Tanita Tikaram – Sentimental
Dem „I Got You Babe“-Oboen-Gehupe entkam keiner 1988. „Twist In My Sobriety“ eroberte Europa, thronte auch 13 Wochen lang über Deutschland. Die melancholische Pop-Kleinigkeit schubste den grüblerischen Teenager aus Basingstoke ins helle Rampenlicht. Da stand das Mädchen mit dem dunklen Timbre, neben Tracy Chapman, Toni Childs, Michelle Shocked, begleitet von der reflexartigen Hosianna-Eskorte der Branche – als gestreßter „Star“ einer jungen Songwriterinnen-Szene.

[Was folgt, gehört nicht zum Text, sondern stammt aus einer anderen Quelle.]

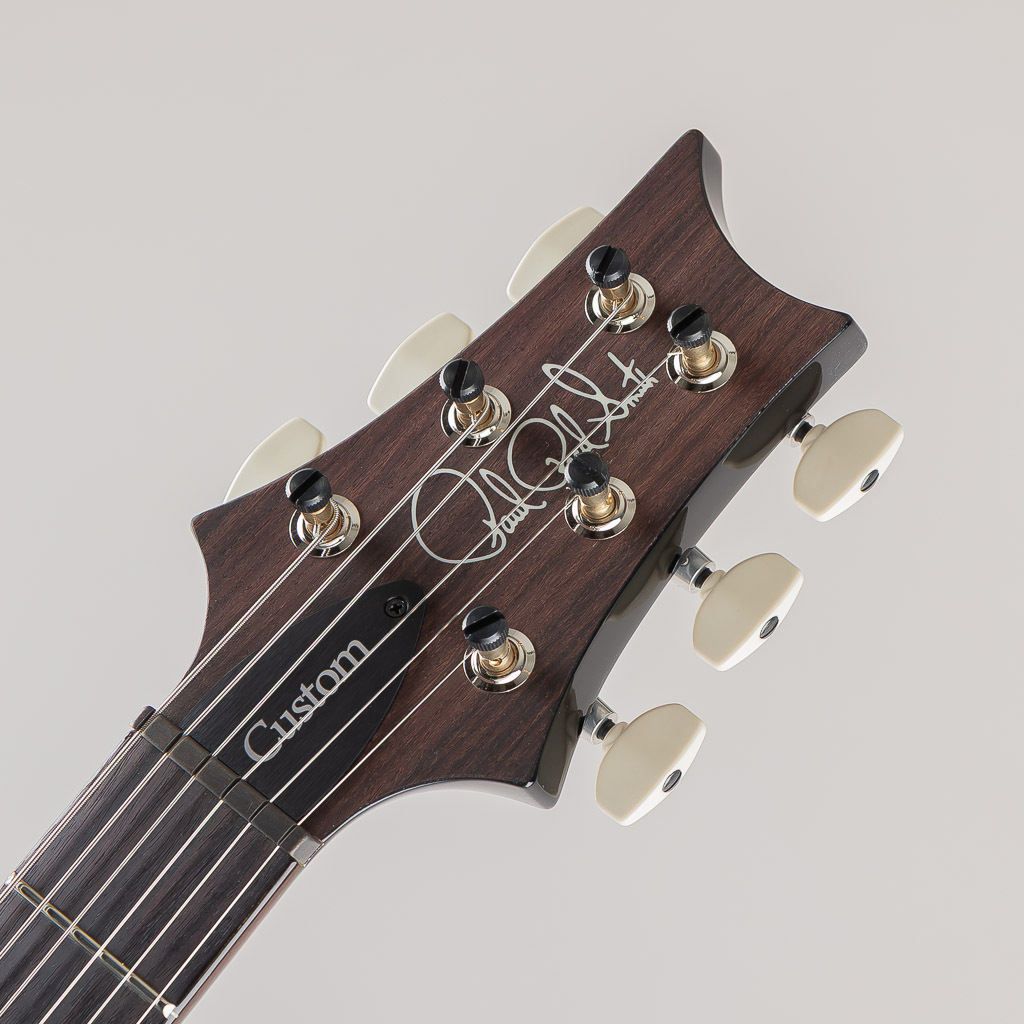 Paul Reed Smith(PRS) Custom24-08 Purple Mist 2025（新品/送料無料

Ambitionierte Folgewerke tönten nach einer gefährlichen Überdosis ihres Helden Van Morrison: zickig, bleiern, fast depressiv. Fürs siebte Album sollte die neue alte Leichtigkeit her. Computer-Sounds erwiesen sich als nicht zweckdienlich, Tikaram und Co-Produzent Neil Brockbank gaben einem organischen Mix aus akustischen Gitarren, Piano, Bläsern und Streichern den Vorzug – sicherlich erfolgverdächtig seit Norah Jones und Katie Melua. Die zehn Songs seien, berichtet sie, während der Arbeit im Studio entstanden, ungeplant und instinktiv. Trägt vielleicht darum die Startnummer „Something New“ ihren Titel so hörbar zu Unrecht? Deren erste vier Takte sind ja hundertprozentig „I Am, I Said“ und geeignet, dessen Komponisten Neil Diamond Extra-Dollars zu bescheren. Abgesehen davon läßt sich Tanita wenig vorwerfen. Ihre Lieder haben Melodie und Atmosphäre, setzen auf entspannte Intimität statt auf grelle Vordergründigkeit Tango, Country, viel betulich swingender Barjazz, dazu zwei erhebendere Duette mit Nick Lowe („Everyday Is New“, „Forever“). Geschmackssache bleiben Stimme, Intonation, Phrasierung. Sie raunt, kann man sagen, sie nimmt sich zurück, ganz unaufgeregt Oden Sie mault, singt auch mal manieriert daneben – und wirkt anämisch, geradezu sediert Der Soundtrack zur letzten Bestellung im Morgengrauen. Wenn das wahre Leben wieder erwacht, draußen.